Tuesdays on ABC
Pilot, September 24
A different take on the ensemble casts comes to us on the same night and network as Agents of S.H.I.E.L.D. A cautionary tale told in dramedy style with a cast of flawed everyday people working at a gas station/garage/convenience store in Chicago. They are a family of choice, of sorts, bound together by circumstance and collective struggle, who try their “luck” weekly by pooling their money for the lottery. What happens when their numbers win? Well, as can be expected, greed corrupts in the same way power does, so we all know where this will lead.

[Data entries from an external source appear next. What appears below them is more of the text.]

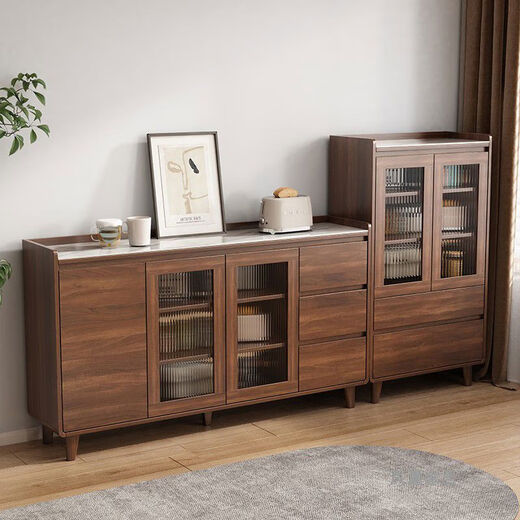 Pupan Gabinete lateral de madera sólida Gabinete de almacenamiento de color nogal Combinación de la sala de estar del gabinete de almacenamiento simple integrado Té de almacenamiento simple Madera 14065 Longitud total 205 Instalación del paquete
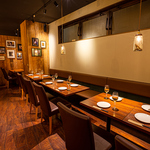 2名様から8名様まで可能な個室や、70名様まで対応可能な個室もございます。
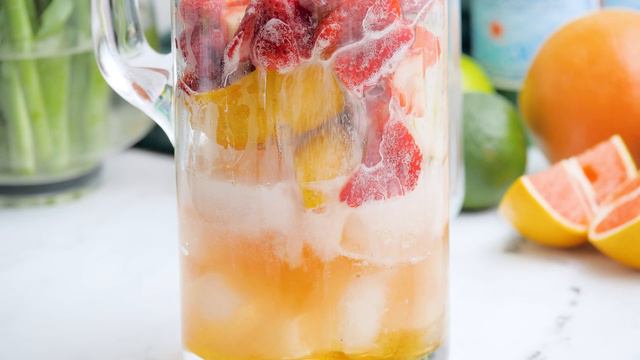 Rosé Sangria Mocktail recipe (refreshing Cinco de Mayo mocktail) смотреть онлайн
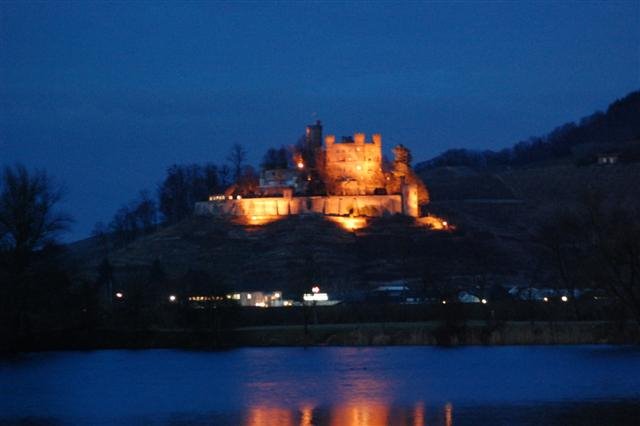 Schloss Ortenberg bei Nacht by Bessel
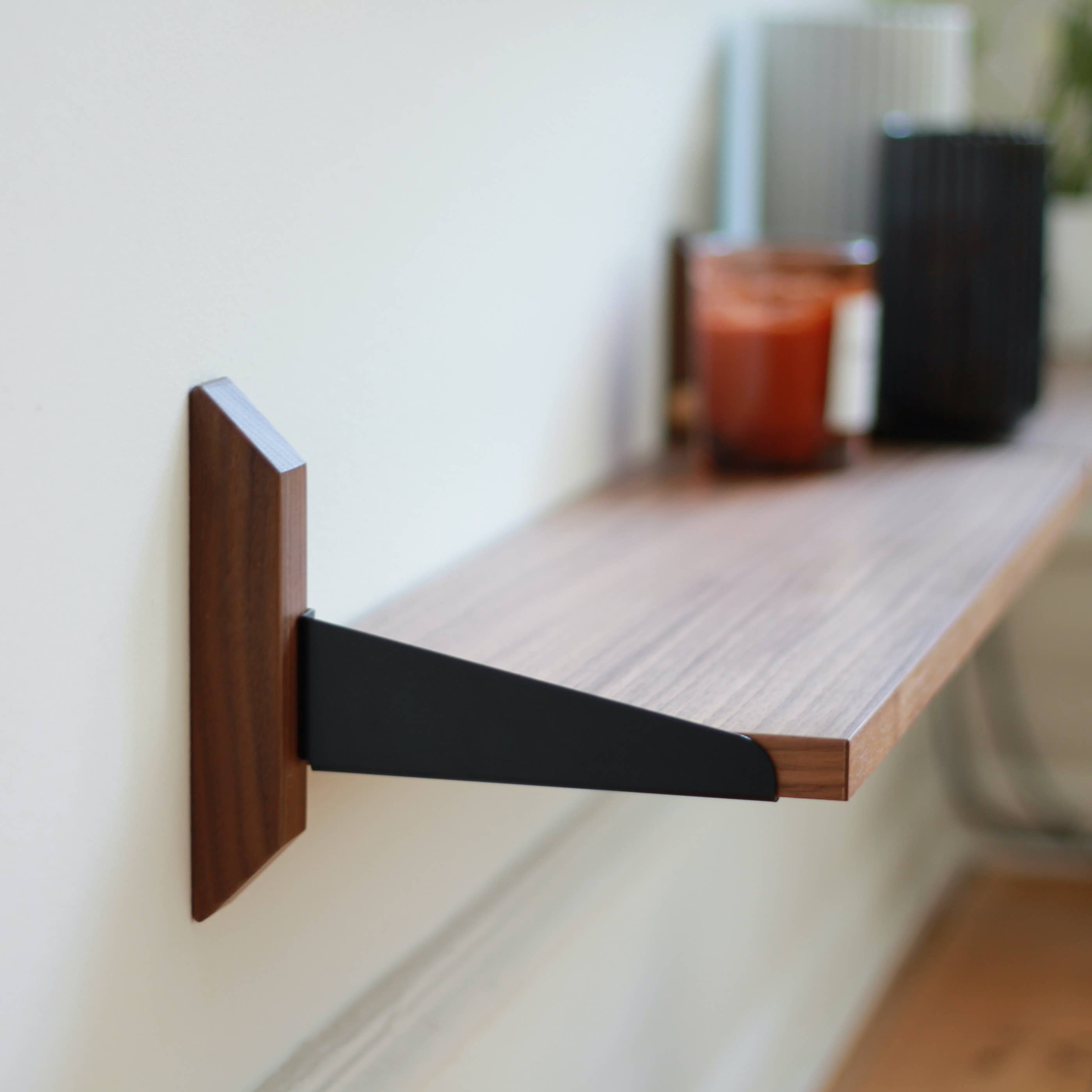 Cday ApS – Großhandel Wandregale – MITTELGROSSES REGAL - NUSSBAUM & SCHWARZ1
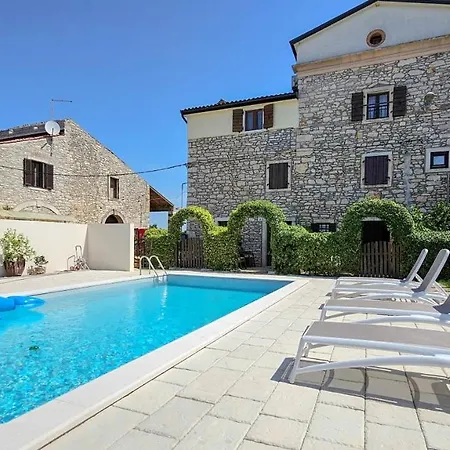Olimpia 1 Apartment Novigrad (Istria)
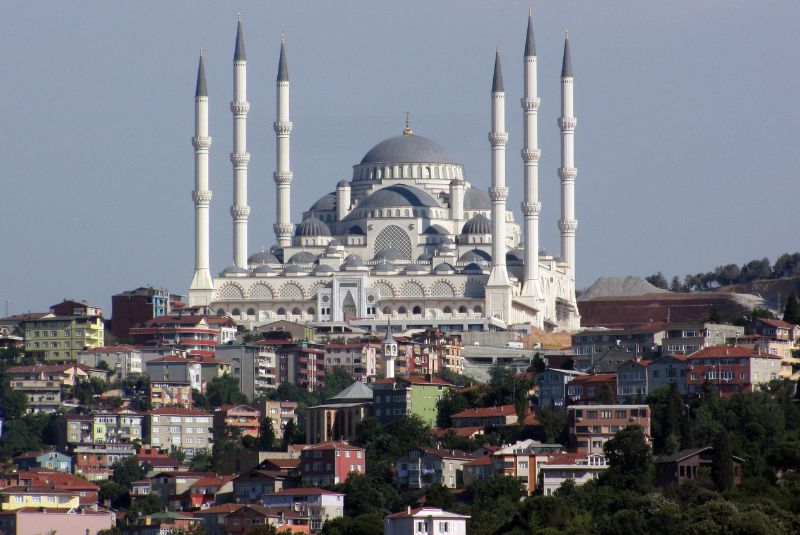 9. Çamlıca Hill Mosque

In contrast to S.H.I.E.L.D., where (super) powers can corrupt, Lucky 7 is filled with anything but super heroes. These characters are stereotypically strapped for money and carry their own sets of baggage along that we are given glimpses of in the pilot. We are also shown, at the very start, a flash forward scene that foreshadows what’s to come, and it does not look good. I am not sure the future of this show looks that good, either.
The characters were too hollow and predictable to me. They came off as badly sketched representations of what we are to take as “everyday” men and women. We have the young husband and father who has an hard to please wife and an intolerable family, who he and his own family have been forced to live with. He has a ticking time clock over his head, and a down payment looming for a chance to save his marriage and have a home of their own. His brother is an ex-convict who is being tailed and harassed by his old “crew” who are demanding payment. We have the wife who has “let herself go” which we are to believe is the reason why a) her husband is cheating and b) why they haven’t had sex in five years. Really? So, not being thin means no sex and a cheating spouse? Oh, and in her first scene we get to see her sneak donuts (really?) and believe a blatant, and poorly executed, lie from her husband said between his taunts about her eating. Oh, and of course we have the young girl from India whose family is pushing her to marry a doctor, and a single mom who is obviously in hiding from something (probably an abusive husband). Have I forgotten anyone? Oh wait, yes, the kind owner of the store who is injured at the start, but still thinks the best of those who hurt him and the implied hero of this tale, the charismatic father who did not buy into the lottery pool, choosing instead to save his “lottery monies” in a coffee can – we already know that despite his disappointment in not sharing in the millions, he will come out being the most successful and happy in the bunch.
You can probably see where this is all going, as well, right?
I do not think there is enough in the characters, story or plot to sustain a full series, much less a season of a series. For me, there are no surprises, as I could see the paths and the futures for all these characters before the show reached its half-way mark. As much as I love dramedies and ensemble casts, I do not think this one is a keeper.